— PROBLEM STATEMENT —
Please transcribe only the lines that run from the line bearing "Chemin Imoveis Lägenhet" to the end of the entries, keeping both end lines. Skip the pictures.

Captioned web images:
▽
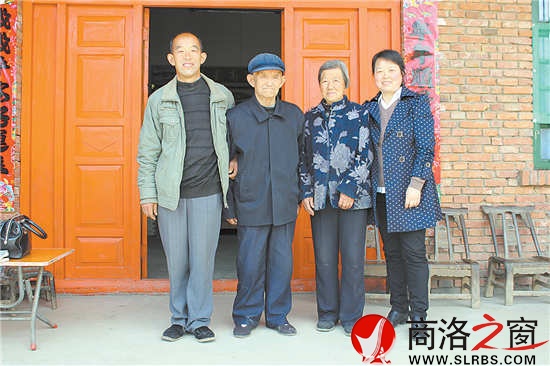 　張福秀老人身體尚好，與老伴相依相伴。得知我們要采訪張福秀，張福秀的女兒專程從西安趕回來。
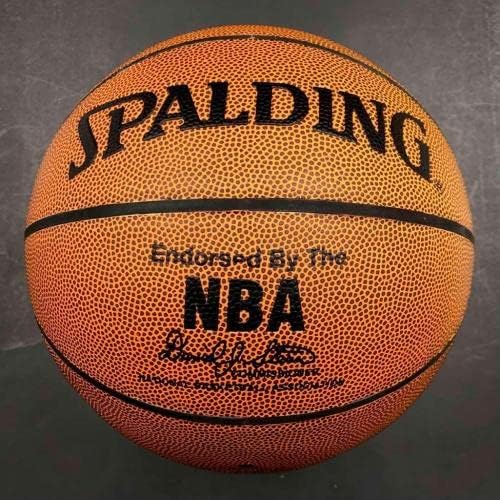 Леброн Джеймс автограф подписа Баскетболни топки Spalding NBA UDA Upper Deck COA с автограф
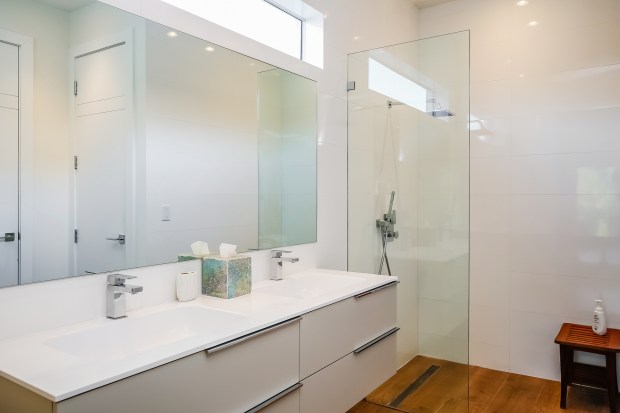 022-Master_Bathroom-5037892-medium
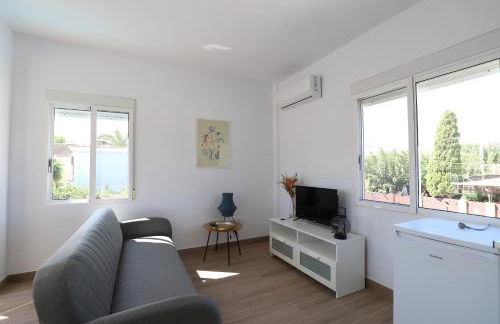 2 apartamentos en una excelente villa de playa compartiendo Piscina y Jardín - Foto 6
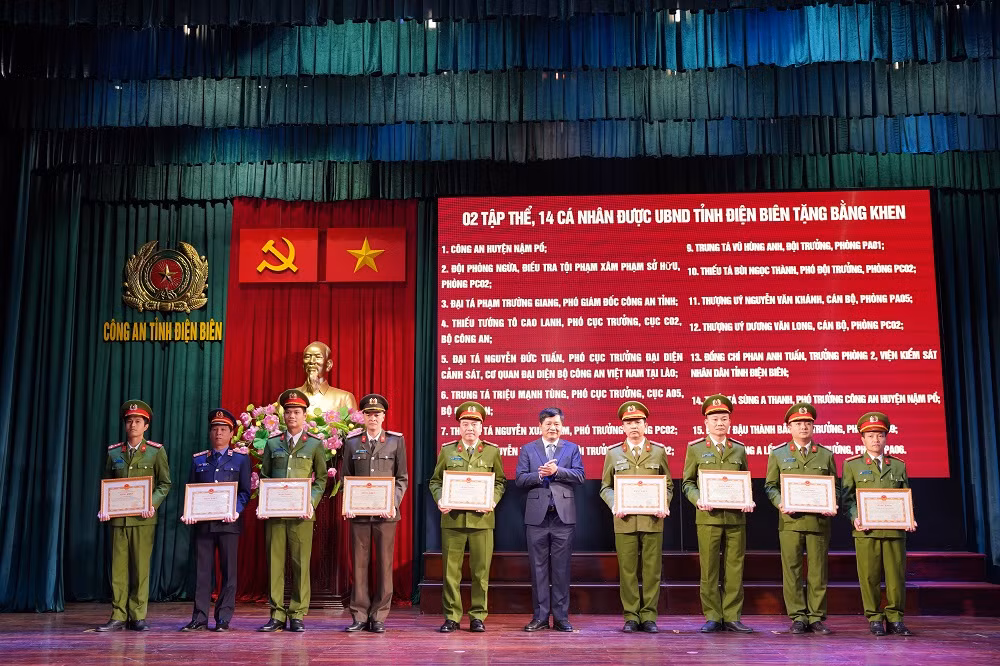 Khen thưởng cá nhân và tập thể thuộc Công an Điện Biên đạt thành tích trong bảo đảm ANTT Tết Nguyên đán 2024 -0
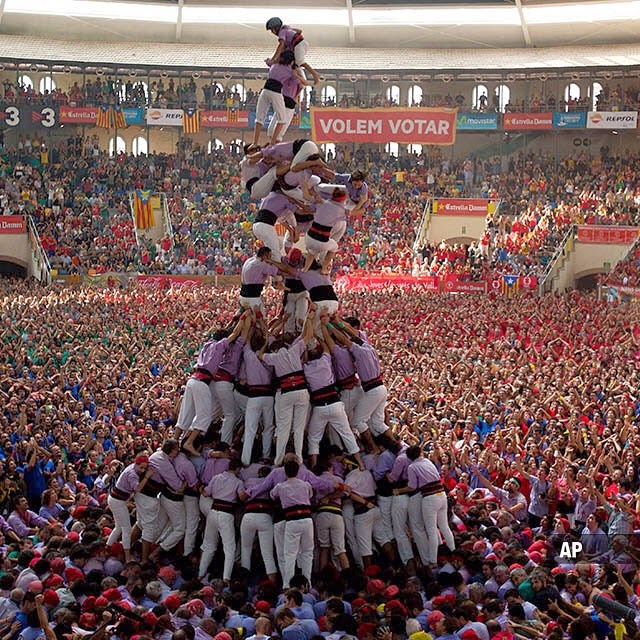 XXV Human Towers of Tarragona in Pictures Catalonia's Human Towers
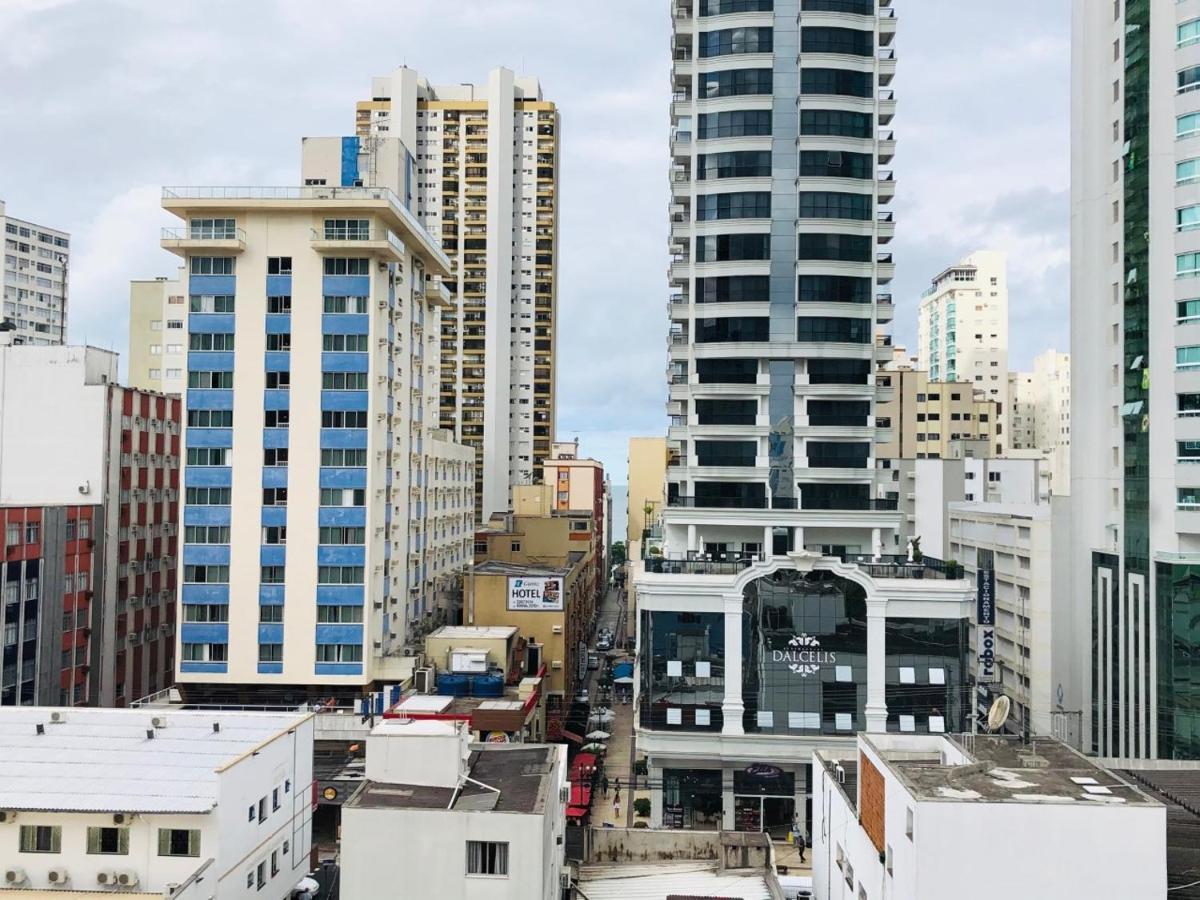 Chemin Imoveis Lägenhet Balneário Camboriú Exteriör bild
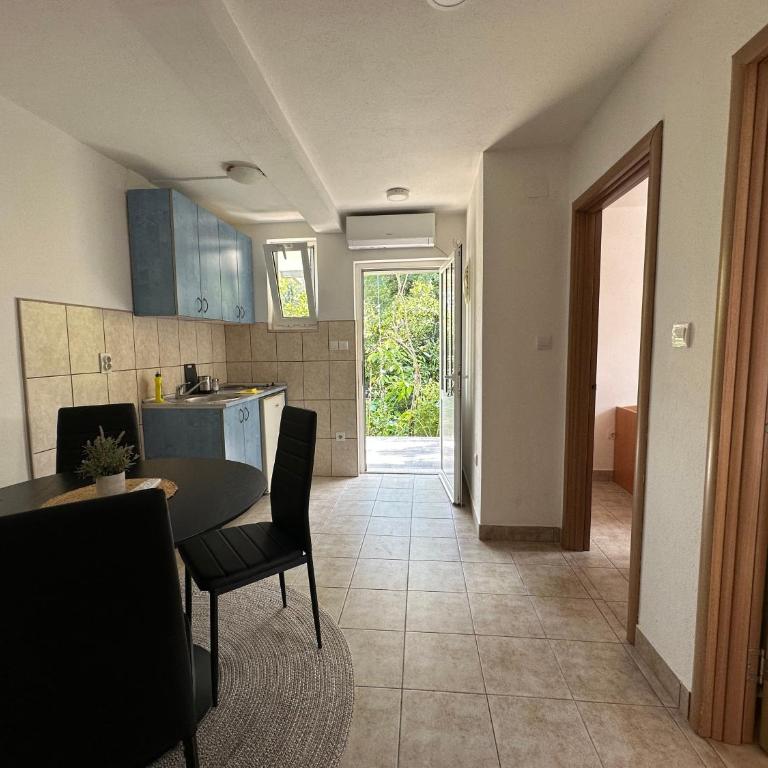 Apartments Suzana - Two-Bedroom Apartment - 6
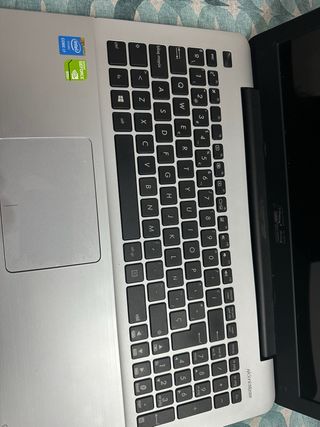 Portátil Asus Intel Core i7 NVIDIA GeForce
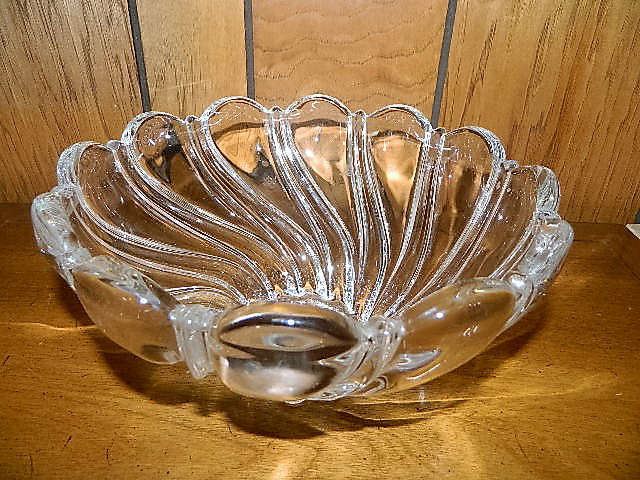 Swirl crystal bowl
△
— PROBLEM SOLUTION —
 Chemin Imoveis Lägenhet Balneário Camboriú Exteriör bild
 Apartments Suzana - Two-Bedroom Apartment - 6
 Portátil Asus Intel Core i7 NVIDIA GeForce
 Swirl crystal bowl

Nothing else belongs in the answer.